Saturday, December 15, 2007
Shodo 書道 connections
My calligrapher friend, Inso Chung, sent me a selection of his calligraphed bookmarks this week. He does Korean, Japanese, and Chinese brush calligraphy, translating selected poems and phrases into English on the back of each bookmark or card he makes. We first met in Monterey in 1988 when I was a student in the Japanese Studies program at the Monterey Institute of International Studies (MIIS). Inso-san was a Korean teacher at the Defense Language Institute (DLI) in Monterey and would come to the MIIS library, where I worked part-time, to use our Chinese and Japanese reference collection. We'd always greet each other in Japanese, and in time, we shared some of our calligraphy with each other and spoke of Japanese poets.

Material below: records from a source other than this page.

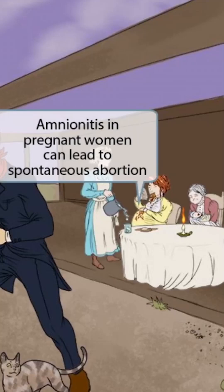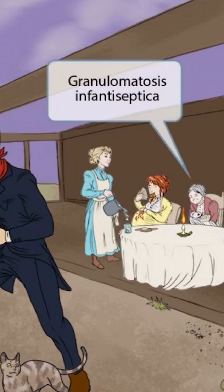Unfortunately, she's vomited right on top of her pregnant belly. The vomit on the belly is a symbol for amnionitis. Recall that the amnion is a membrane that covers the fetus during pregnancy. Therefore, the red contaminated vomit on top of the belly, which covers the baby, is a symbol for amnionitis. Listeria can cause amnionitis in pregnant women, which can lead to spontaneous abortion.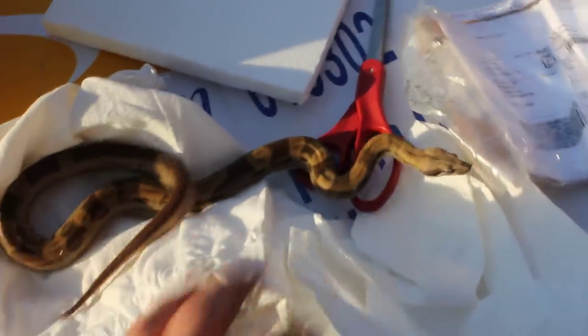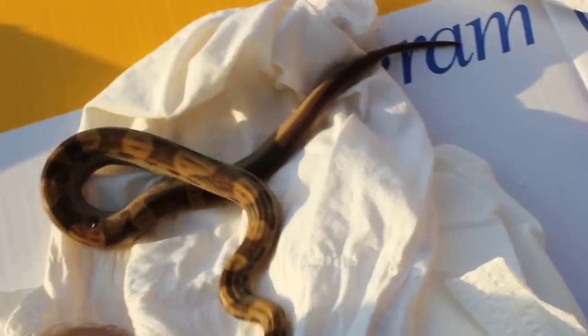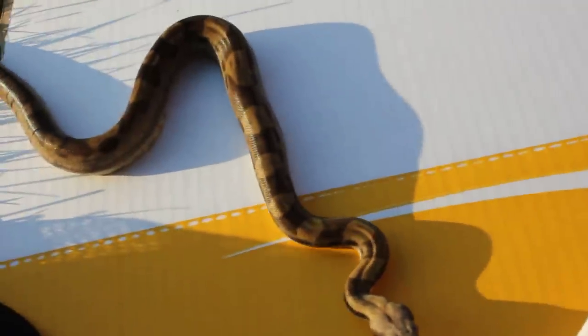Wow, she's small — gotta beef her up. Pretty active already though, not in the light anymore. This is a ghost motley possible het albino that I'm gonna prove out in a couple of years. Still very, very small — could be eating small rats. Get her up to size hopefully in two or three years. There she is.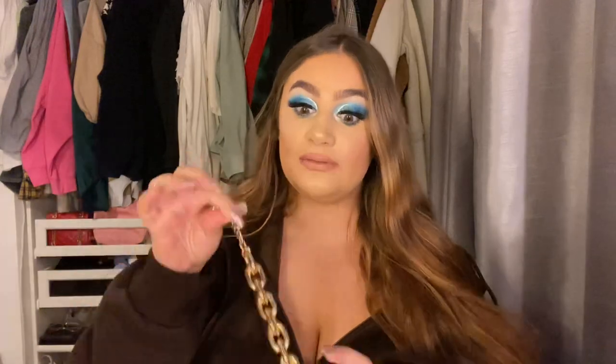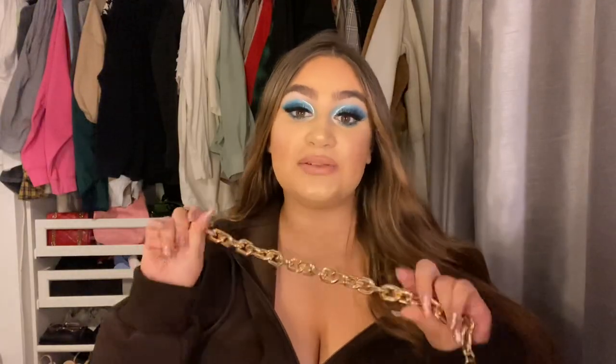On ASOS they have these chunky necklaces — the cheapest feeling but they look cool. Everyone's wearing them at the minute so I grabbed one for £3 in the sale. I wore it in my testing new makeup video and really liked it with certain outfits. With a dress it looks great, with a hoodie not so much. I also ordered a 1997 necklace from Etsy — the year I was born — but it didn't arrive in time for filming.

Years passed and I returned to Monterey and MIIS in 2003 to attend graduate school for TESOL (Teaching English to Speakers of Other Languages). Again, I worked at the MIIS Library part-time and again I met Inso-san and we resumed our friendship as if no time had passed. Inso had retired from the DLI and was selling his brush calligraphy pieces at the Monterey Farmer's Market, among other places. I am inspired by Inso-san's lifelong practice of brush calligraphy and his enjoyment of East-Asian poetry. Inso-san is one of those living gems who keeps the wisdom, poetry, and art of the Chinese, Korean, and Japanese poet-seers alive with each brush stroke.